The hypothesis "forall y:False, f y < x" certainly does not give any information and we cannot prove "(match Heq in (False->True2=True2) return fun X _ => X with eq_refl => f end) < x" .

But returning to the example of the mutually inductive type we can do the following (by adding proof-irrelevance):

Inductive True1 : Prop := I1 : True1
with True2 : Prop := I2 : True1 -> True2.

Section func_unit_discr.

Hypothesis Heq : True1 = True2.

Fixpoint contradiction (u : True2) : False :=
contradiction (
match u with
| I2 Tr =>
 match Heq in (_ = T) return T with
 | eq_refl => Tr
 end
end).

(*proof-irrelevance for eq*)
Axiom destruct_eq: forall {T:Type} {x:T} (H:x=x), H=eq_refl.

Theorem structural: forall (lower: forall {T:Type}, T->True2->Prop) (x:True2),
match x with
I2 Tr => (lower Tr x)
  -> lower (match Heq with eq_refl => Tr end) x
end.
Proof.
intros. destruct x.
set(Heq':=Heq). clearbody Heq'.
set(I2':=I2). clearbody I2'.
revert t Heq' I2'. rewrite Heq.
intros. rewrite (destruct_eq Heq').
exact H.
Qed.

End func_unit_discr.

I think the theorem "structural" is what is required for the fixpoint to work.
Although Heq cannot be immediately eliminated we can work around it.
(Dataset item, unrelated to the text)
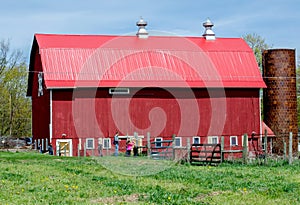 Rustic red barn on a family farm
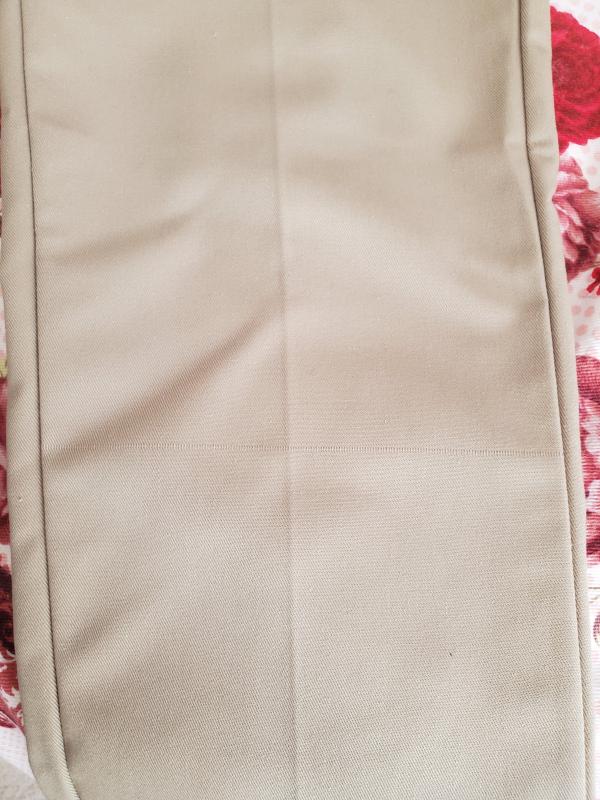 Horizontal splicing of fabric on left pant leg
> Date: Mon, 16 Dec 2013 20:35:08 +0100
> From: Christine.Paulin AT lri.fr
> To: nakacristo AT hotmail.com
> CC: jacques-henri.jourdan AT inria.fr; mail AT maximedenes.fr; coq-club AT inria.fr
> Subject: Re: [Coq-Club] Propositional extensionality is inconsistent in Coq
>
>
> >
> > Following the arguments of my previous email, if we rewrite
> > (False->True2)=True2 in the inductive definition we would get
> > Inductive True2:Prop:= I2: True2->True2.
> > which is False when the original is True.
> Very nice example but we should not misinterpret this last point
> in order to identify
>
> Inductive True2:Prop:= I2: True2->True2.
> with
> Inductive True2:Prop:= I2: (False -> True2)->True2.
>
> you need (False -> X) = X forall X (which is not provable when X is
> False) and not just False -> True2 = True2
> because the name is bound in the inductive definition
>
> so the problem is still the same around the elimination on Heq "
>
> assume < is the structural order related to True2 generated by (forall
> y, f y < l2 f)
>
> Fixpoint con (x:True2) :False :=
> match x with
> I2 f => con (match Heq with eq_refl => f end)
> end.
>
> The hypothesis
> forall y, f y < x
> we would like to prove
>
> (match Heq in (False->True2=True2) return fun X _ => X with eq_refl => f
> end) < x
>
> but eliminating Heq requires a generalisation
>
> (match Heq in (False->True2=Z) return fun X _ => X with eq_refl => f
> end) < x
>
> which is not well-typed.
>
> This is this situation we need to detect and forbid.
> The point being not to miss tricky situations
>
> Christine
>
>
>
>
>